## Work to be completed:
Reproduce the listing below word for word and exclude any picture.

## Supplied information:
╔══

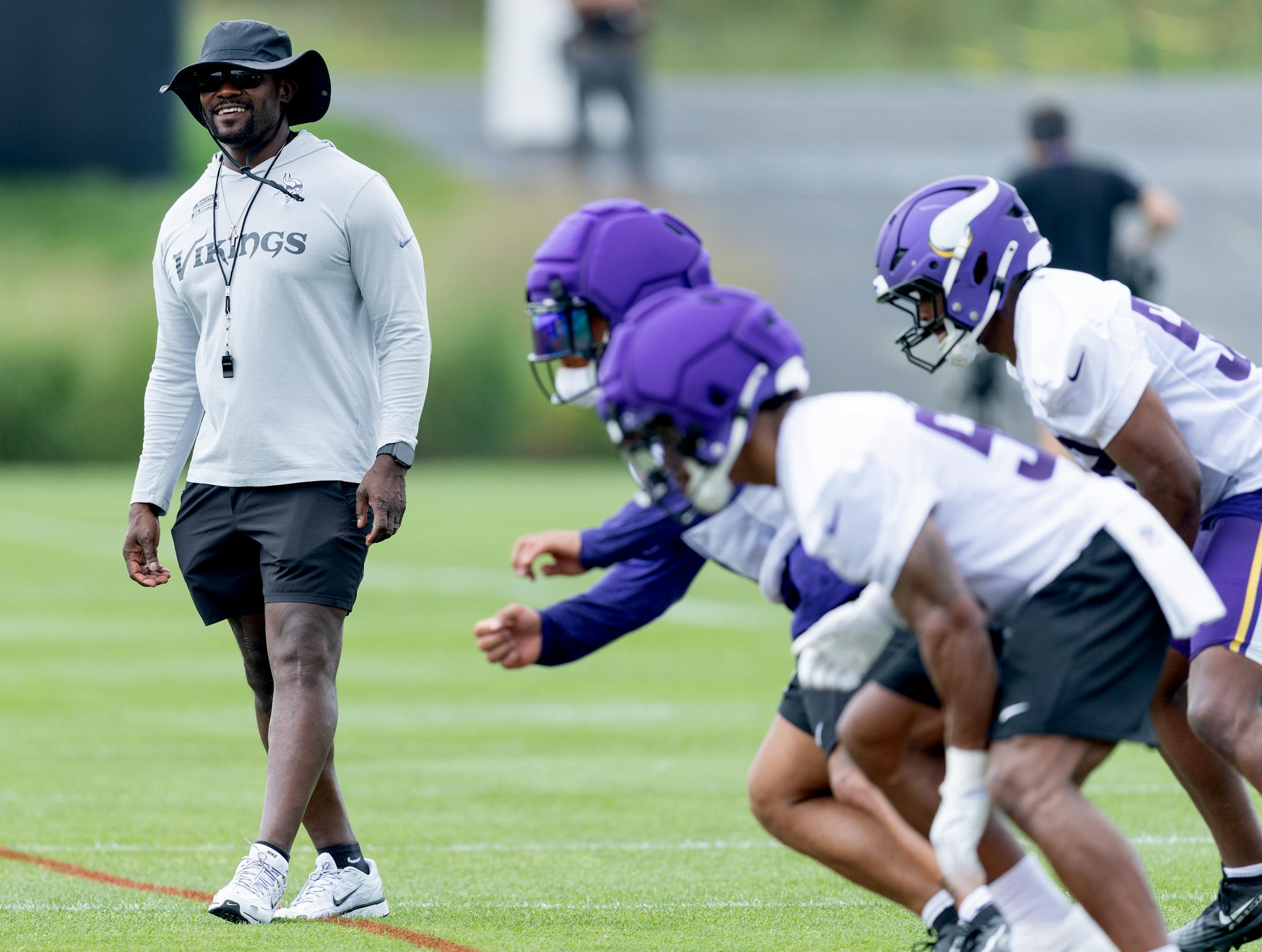 From Vikings QBs to roster battles, here’s what we learned during the first training camp practice - Star Tribune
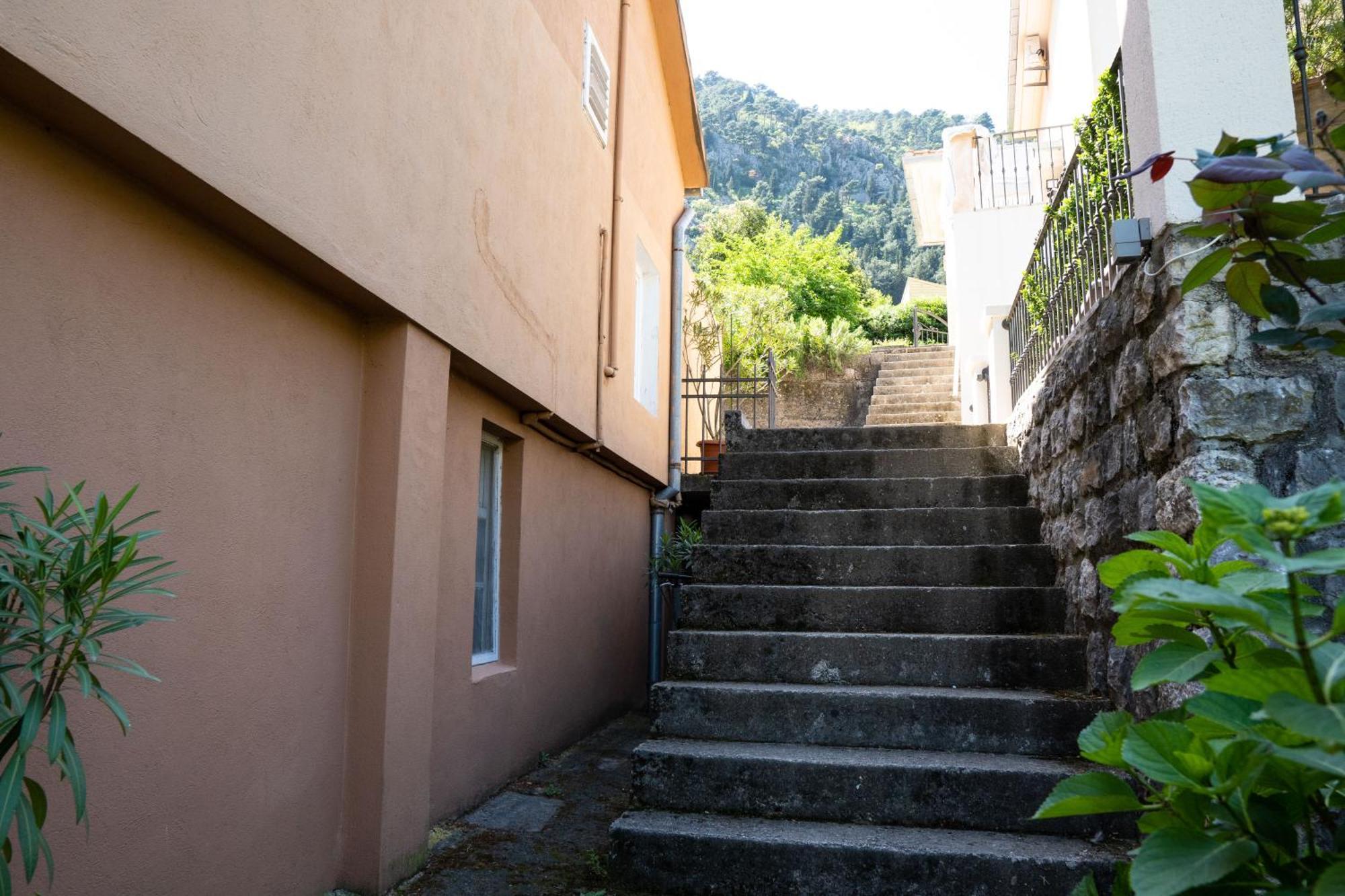 M&B Apartment Kotor Exterior photo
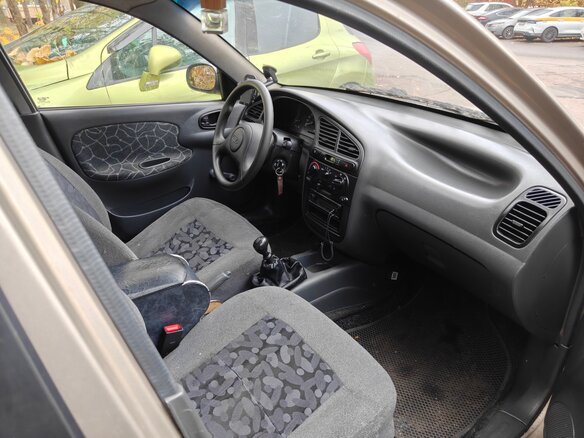 2004 Daewoo Sens I, бежевый, 150000 рублей - вид 8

╚══

## Reply to the task:
 From Vikings QBs to roster battles, here’s what we learned during the first training camp practice - Star Tribune
 M&B Apartment Kotor Exterior photo
 2004 Daewoo Sens I, бежевый, 150000 рублей - вид 8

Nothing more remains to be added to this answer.